Von Gudrun Billowie 18.06.2009, 09:43

Noch vier Tage, dann startet der große Festumzug zur 1000-Jahr-Feier. Wie viele Leute sich wirklich daran beteiligen, wird sich am Sonntag zeigen. Auf jeden Fall ist ein " Flüchtlingstreck " dabei.
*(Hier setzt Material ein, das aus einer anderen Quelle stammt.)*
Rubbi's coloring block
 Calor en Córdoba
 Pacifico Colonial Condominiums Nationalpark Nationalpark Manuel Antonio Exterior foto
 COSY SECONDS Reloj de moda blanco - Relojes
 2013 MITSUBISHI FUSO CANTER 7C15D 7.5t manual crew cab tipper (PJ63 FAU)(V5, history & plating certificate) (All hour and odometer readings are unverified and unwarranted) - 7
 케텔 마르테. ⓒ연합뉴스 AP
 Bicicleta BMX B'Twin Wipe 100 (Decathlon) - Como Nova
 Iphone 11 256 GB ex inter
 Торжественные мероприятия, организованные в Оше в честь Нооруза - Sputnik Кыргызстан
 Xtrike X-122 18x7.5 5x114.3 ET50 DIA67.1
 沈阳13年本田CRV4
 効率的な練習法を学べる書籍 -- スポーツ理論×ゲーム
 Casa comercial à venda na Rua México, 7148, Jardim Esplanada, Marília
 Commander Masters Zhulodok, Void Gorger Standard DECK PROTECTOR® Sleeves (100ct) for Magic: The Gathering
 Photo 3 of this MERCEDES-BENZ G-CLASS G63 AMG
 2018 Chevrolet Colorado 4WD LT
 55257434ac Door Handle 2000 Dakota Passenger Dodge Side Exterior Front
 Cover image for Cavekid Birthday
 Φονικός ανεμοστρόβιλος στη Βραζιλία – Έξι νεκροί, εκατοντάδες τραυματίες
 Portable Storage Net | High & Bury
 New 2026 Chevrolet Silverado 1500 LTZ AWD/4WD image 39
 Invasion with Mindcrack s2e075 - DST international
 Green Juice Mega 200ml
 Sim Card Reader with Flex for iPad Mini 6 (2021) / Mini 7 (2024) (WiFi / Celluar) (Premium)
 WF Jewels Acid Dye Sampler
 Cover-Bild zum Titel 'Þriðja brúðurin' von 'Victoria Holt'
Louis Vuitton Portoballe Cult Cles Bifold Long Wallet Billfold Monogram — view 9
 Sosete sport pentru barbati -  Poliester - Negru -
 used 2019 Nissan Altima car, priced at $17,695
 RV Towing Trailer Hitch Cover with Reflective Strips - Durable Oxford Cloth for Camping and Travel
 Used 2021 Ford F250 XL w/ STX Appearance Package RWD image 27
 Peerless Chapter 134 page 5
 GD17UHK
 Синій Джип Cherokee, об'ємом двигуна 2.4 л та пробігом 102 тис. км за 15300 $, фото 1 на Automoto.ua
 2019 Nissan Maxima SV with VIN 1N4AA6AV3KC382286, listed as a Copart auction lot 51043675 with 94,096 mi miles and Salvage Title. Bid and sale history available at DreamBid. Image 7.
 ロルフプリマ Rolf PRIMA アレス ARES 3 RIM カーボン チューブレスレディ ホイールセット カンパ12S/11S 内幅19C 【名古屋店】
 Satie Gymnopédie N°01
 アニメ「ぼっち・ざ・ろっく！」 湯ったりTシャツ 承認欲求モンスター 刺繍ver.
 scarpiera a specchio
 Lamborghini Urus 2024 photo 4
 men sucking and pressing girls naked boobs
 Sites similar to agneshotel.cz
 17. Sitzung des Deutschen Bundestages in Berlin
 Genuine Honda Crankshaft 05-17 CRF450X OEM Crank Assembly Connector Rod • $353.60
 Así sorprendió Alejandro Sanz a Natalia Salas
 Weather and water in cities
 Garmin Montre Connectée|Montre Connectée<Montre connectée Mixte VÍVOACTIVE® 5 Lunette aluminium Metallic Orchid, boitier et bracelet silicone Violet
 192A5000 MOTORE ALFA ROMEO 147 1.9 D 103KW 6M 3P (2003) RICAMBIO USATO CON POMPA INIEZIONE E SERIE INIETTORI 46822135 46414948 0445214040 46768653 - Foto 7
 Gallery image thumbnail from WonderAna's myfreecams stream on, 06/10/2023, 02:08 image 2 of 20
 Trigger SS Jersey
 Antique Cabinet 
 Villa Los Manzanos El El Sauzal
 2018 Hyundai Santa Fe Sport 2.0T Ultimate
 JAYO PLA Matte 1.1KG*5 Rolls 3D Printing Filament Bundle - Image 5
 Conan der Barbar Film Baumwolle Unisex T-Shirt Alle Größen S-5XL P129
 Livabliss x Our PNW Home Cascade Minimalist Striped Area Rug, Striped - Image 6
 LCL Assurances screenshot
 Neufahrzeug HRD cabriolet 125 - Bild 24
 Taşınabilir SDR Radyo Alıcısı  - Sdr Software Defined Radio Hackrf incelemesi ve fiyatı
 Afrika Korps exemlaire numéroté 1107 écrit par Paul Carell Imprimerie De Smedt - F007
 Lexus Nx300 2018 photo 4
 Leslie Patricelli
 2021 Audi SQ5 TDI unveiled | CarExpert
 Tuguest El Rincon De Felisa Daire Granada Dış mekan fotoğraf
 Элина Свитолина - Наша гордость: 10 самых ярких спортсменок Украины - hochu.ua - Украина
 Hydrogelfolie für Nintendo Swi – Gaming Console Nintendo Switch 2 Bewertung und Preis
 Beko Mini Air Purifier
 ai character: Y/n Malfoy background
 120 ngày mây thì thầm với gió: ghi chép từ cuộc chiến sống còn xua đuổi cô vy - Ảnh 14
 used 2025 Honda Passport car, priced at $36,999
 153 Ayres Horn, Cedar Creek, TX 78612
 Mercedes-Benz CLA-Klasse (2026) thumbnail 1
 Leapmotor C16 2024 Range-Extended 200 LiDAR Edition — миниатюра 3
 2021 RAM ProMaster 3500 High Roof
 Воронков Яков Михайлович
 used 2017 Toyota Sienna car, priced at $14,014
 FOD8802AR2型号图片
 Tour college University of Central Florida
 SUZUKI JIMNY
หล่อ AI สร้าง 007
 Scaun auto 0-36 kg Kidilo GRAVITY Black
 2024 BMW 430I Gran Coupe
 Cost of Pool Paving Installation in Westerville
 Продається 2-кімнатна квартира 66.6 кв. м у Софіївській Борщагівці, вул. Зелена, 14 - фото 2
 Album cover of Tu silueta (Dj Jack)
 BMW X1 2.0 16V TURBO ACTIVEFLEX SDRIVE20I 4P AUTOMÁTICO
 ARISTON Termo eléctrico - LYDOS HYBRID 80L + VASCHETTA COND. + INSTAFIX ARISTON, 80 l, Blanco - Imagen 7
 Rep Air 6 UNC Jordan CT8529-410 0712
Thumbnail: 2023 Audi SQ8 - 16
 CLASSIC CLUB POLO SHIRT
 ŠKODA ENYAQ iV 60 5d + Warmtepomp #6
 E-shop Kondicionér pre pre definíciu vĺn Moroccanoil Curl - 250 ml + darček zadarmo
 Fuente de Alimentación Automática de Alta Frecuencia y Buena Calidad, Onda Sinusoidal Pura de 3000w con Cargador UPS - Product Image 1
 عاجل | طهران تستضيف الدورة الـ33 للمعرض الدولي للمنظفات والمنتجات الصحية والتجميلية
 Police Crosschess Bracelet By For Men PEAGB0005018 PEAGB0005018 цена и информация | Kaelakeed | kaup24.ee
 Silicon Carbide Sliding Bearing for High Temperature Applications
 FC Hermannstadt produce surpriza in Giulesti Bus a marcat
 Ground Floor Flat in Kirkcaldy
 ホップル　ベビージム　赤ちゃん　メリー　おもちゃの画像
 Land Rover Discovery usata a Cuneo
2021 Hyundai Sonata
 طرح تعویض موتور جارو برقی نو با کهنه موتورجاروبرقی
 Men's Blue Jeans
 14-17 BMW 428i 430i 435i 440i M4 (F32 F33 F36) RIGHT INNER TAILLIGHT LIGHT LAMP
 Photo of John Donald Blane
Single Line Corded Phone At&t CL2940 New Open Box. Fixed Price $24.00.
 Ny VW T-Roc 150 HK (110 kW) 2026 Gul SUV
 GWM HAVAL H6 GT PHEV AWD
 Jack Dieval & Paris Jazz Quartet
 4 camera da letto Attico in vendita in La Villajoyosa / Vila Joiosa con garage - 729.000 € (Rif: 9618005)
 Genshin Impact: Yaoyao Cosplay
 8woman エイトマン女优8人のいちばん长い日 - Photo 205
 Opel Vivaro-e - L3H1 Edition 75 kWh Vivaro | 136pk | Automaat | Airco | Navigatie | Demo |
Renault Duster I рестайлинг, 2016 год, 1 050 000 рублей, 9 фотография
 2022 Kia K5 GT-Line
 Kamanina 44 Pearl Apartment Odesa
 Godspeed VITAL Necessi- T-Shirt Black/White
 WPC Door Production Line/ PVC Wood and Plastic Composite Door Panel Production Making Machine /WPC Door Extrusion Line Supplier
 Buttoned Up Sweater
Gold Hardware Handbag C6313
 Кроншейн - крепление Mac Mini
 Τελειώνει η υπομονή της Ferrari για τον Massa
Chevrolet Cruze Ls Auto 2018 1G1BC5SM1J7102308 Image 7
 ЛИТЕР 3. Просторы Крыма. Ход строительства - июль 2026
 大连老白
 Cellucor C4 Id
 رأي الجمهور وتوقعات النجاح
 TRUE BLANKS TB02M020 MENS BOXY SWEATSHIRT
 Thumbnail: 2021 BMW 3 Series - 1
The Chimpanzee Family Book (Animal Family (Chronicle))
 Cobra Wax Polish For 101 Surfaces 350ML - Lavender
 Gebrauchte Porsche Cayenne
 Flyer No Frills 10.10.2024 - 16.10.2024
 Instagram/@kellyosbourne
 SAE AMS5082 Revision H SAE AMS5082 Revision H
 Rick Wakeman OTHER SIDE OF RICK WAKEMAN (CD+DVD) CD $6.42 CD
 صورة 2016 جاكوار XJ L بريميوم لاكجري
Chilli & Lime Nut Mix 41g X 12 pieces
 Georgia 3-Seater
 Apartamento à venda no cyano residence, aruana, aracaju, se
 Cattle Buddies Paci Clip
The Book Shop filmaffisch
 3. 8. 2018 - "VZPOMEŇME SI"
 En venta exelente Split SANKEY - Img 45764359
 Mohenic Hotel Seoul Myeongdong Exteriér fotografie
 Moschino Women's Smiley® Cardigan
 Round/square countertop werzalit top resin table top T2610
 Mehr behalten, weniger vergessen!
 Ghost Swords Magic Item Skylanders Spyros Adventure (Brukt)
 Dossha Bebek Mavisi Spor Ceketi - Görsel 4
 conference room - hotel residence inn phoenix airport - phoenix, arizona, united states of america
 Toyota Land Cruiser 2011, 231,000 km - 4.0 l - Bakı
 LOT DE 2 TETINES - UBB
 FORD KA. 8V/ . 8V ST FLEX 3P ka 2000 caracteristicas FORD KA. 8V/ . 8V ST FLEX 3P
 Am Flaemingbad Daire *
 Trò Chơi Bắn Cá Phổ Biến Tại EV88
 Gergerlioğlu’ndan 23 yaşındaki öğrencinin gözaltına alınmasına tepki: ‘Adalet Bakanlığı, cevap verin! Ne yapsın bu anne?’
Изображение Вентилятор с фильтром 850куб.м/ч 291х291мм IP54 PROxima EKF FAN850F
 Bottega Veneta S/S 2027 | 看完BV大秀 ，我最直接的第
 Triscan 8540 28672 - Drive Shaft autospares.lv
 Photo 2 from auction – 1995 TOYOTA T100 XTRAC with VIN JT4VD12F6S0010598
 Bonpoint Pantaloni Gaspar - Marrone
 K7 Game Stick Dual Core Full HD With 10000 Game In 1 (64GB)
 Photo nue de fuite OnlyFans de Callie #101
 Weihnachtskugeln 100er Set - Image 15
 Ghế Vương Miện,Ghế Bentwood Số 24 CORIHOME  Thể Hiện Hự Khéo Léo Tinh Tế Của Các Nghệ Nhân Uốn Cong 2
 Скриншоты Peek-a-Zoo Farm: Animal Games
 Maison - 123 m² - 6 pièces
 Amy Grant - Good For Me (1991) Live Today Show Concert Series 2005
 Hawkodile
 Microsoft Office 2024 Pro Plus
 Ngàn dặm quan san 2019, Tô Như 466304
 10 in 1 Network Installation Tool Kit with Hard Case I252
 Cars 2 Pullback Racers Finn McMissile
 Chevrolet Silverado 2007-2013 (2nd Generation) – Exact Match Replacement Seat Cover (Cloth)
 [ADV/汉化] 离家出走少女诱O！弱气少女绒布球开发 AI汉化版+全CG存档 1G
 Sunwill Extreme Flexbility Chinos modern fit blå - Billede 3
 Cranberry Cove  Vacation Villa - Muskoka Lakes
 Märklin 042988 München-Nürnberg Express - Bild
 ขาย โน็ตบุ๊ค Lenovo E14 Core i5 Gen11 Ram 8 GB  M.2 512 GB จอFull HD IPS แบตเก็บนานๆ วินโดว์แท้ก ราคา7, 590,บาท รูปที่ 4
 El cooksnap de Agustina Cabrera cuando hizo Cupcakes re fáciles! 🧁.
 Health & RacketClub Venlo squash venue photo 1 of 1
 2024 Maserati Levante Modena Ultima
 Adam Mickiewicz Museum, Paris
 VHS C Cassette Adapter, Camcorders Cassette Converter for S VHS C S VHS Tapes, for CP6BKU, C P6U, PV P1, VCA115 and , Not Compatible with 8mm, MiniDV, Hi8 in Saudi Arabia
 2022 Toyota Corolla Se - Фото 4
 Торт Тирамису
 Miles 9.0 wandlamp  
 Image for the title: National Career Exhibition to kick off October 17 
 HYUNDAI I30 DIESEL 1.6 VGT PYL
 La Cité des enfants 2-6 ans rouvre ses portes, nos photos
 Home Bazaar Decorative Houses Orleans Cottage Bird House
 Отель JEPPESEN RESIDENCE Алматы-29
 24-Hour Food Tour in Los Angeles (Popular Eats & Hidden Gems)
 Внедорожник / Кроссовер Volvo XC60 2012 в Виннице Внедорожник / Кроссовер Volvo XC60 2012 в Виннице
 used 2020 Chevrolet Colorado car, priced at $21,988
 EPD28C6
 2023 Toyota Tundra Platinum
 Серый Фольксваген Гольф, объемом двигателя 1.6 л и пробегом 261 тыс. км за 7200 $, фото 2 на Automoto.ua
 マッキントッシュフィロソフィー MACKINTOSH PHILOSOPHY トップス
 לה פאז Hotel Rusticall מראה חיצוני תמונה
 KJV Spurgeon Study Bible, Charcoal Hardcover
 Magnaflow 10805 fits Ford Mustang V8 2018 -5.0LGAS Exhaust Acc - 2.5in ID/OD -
Wolmirstedt. Die Stadtleben erscheint an den Wochentagen dieser Jubiläumswochen verdächtig normal. So, als würde es keine 1000-Jahr-Feier geben. Doch der Schein trügt. Hinter Hofmauern und Garagentoren wird eifrig gestöbert, gesammelt, gebastelt, gepackt. Einen Blick hinter die Kulissen zu erhaschen, ist ein echter Glücksfall. Auch Familie Gille öffnet ihr Garagentor nur sehr zögerlich. Denn eigentlich möchten sie ihren Schatz noch niemandem zeigen. " Wir können doch nicht schon im Vorfeld alles verraten ", sagt Karola Gille und möchte ihr Kostüm um gar keinen Preis hervorholen. Doch die Geschichte um den " Flüchtlingstreck " herum entpuppt sich als spannend und ist weit mehr, als die bloße Kostümierung.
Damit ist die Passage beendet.